Exercise brief
Retype each of the records below exactly, leaving the pictures out.

[Supplied records — start]

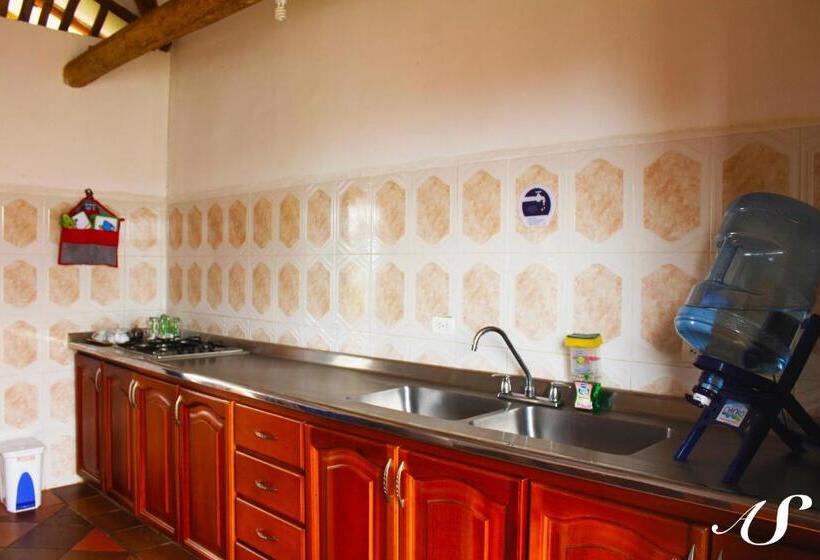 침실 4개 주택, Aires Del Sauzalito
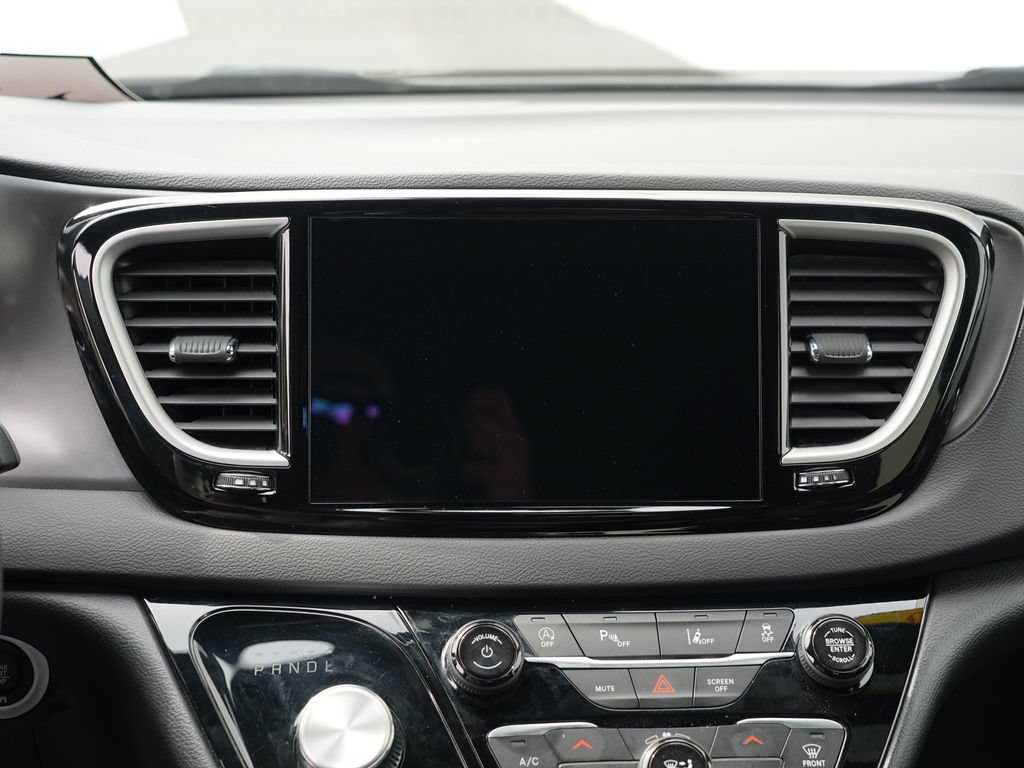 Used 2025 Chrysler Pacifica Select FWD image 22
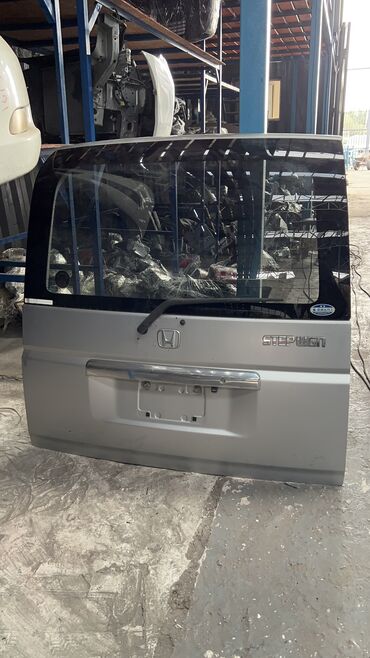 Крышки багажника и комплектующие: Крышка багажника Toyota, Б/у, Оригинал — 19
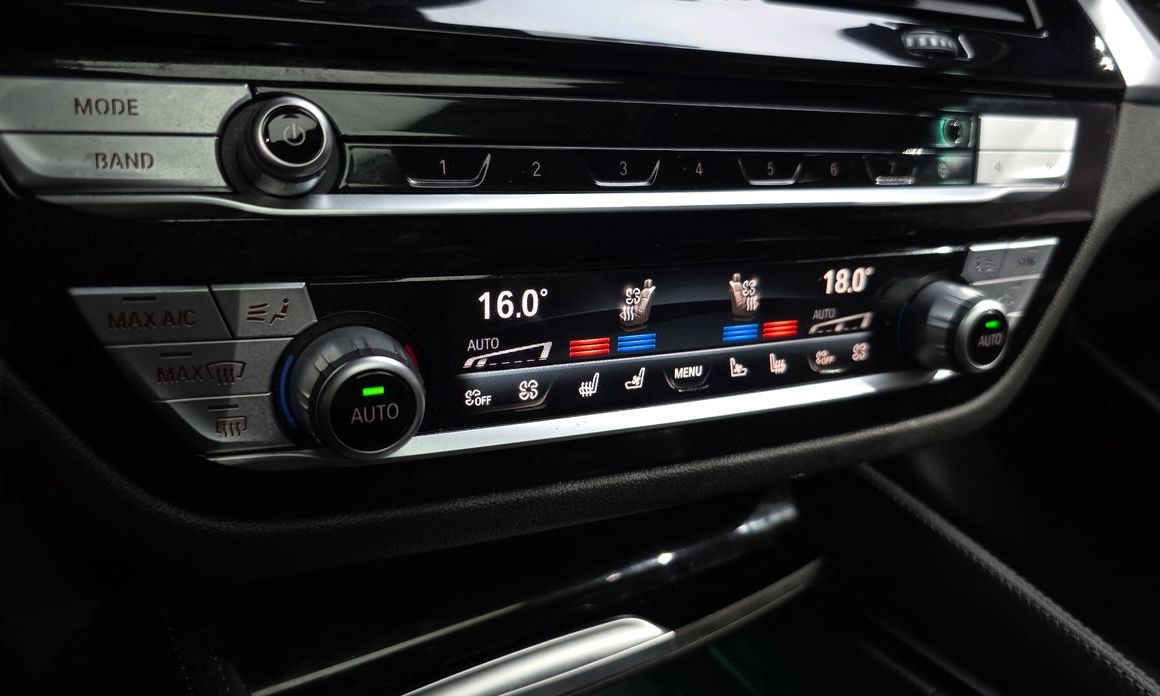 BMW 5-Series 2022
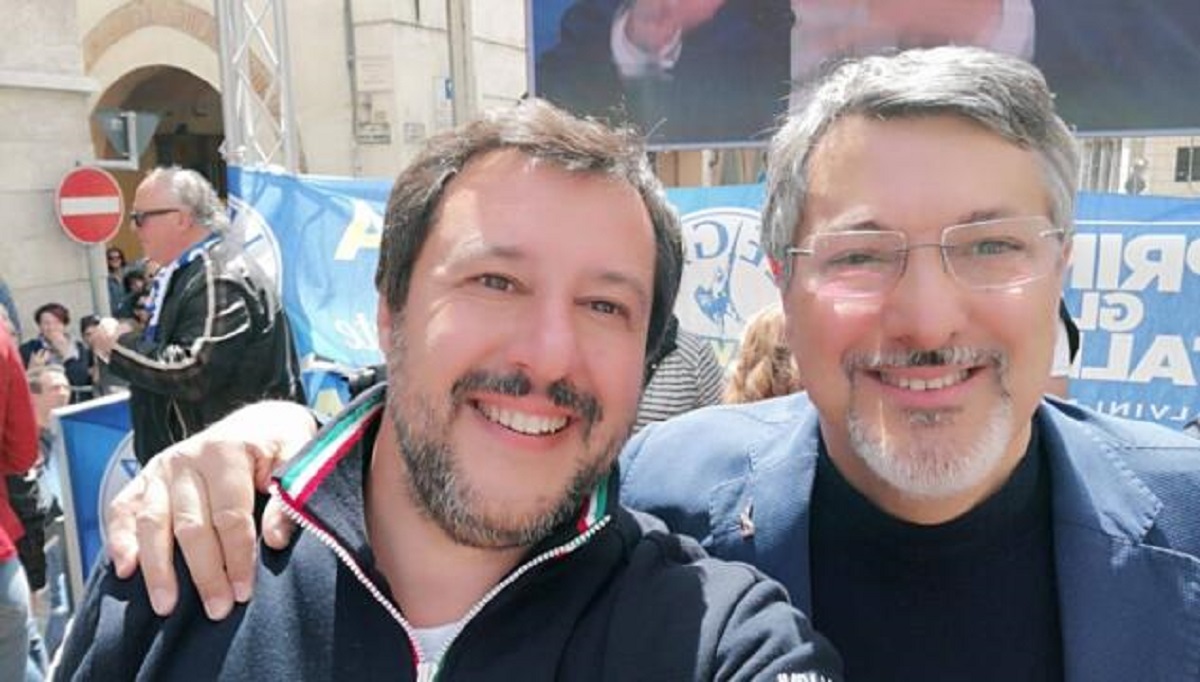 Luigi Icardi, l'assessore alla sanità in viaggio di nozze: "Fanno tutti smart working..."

[Supplied records — finish]

Exercise answer
 침실 4개 주택, Aires Del Sauzalito
 Used 2025 Chrysler Pacifica Select FWD image 22
 Крышки багажника и комплектующие: Крышка багажника Toyota, Б/у, Оригинал — 19
 BMW 5-Series 2022
 Luigi Icardi, l'assessore alla sanità in viaggio di nozze: "Fanno tutti smart working..."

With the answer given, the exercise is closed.